To the extent that ʻthere is something proper in Beauvoirʼs claim that one just isn’t born, however reasonably turns into a womanʼ, Butler reads ʻwomanʼ as ʻa term in process, a becomingʼ; that she then instantly identifies with ʻgenderʼ, in keeping with the sense wherein she understands that phrase. However, if ʻOne will not be born, relatively one becomes, a womanʼ, it should carry the signification of gender.

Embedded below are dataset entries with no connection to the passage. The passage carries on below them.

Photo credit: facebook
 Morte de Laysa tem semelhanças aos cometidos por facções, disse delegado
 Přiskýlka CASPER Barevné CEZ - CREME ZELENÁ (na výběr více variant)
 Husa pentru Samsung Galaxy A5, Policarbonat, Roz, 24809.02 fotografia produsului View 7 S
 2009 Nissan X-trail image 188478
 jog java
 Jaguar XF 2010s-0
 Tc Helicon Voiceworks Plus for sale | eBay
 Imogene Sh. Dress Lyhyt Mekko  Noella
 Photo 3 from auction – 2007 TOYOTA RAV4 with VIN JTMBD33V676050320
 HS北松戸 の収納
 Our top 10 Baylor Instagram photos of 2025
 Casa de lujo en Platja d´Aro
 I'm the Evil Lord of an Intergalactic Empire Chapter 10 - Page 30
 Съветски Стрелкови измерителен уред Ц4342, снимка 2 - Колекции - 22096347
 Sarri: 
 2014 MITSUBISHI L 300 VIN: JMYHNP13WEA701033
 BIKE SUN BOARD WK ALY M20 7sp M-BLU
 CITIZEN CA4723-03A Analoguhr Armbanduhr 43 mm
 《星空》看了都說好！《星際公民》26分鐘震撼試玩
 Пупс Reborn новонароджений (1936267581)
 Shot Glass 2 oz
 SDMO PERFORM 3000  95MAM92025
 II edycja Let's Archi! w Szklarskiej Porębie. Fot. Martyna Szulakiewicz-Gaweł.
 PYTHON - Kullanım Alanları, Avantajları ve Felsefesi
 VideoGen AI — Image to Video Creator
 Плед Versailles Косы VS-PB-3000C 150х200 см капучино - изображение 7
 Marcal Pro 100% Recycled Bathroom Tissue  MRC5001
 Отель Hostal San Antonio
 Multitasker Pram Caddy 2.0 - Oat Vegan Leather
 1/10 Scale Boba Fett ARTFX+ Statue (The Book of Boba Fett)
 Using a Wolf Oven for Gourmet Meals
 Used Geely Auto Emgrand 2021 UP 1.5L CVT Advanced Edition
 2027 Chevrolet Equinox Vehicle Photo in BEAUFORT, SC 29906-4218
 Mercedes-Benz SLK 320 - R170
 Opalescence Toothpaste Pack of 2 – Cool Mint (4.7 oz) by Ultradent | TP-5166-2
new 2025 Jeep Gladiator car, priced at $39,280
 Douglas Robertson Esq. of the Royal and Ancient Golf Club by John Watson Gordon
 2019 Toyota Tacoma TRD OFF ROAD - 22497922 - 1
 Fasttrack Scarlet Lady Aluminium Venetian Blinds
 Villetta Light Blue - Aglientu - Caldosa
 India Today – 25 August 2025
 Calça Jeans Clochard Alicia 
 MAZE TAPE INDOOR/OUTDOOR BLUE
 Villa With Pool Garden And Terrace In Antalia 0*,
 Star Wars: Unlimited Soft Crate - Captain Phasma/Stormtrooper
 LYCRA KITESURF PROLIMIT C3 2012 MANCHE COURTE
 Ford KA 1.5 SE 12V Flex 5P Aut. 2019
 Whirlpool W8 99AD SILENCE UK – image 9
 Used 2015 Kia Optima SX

Effectively, Butler opposes ʻontologyʼ to ʻeffectʼ, in the sense that an ontological understanding of gender id is taken to be a falsely essentializing one, whereas a recognition of gender identification as impact is a recognition of its constructedness and of the potential of its openness to vary. Sex then seems, Butler contends, as a substance, in the standard philosophical sense of the phrase. Accordingly, de Beauvoirʼs concept, ostensibly premissed on a sex/gender distinction, would rather seem implicitly to ask, Butler says, ʻwhether sex was not gender all alongʼ. She speaks of ʻmenʼ and ʻwomenʼ as ʻostensible classes of ontologyʼ, and of the ʻvarious reifications of genderʼ that have constituted the ʻcontingent ontologiesʼ of (gender) identity.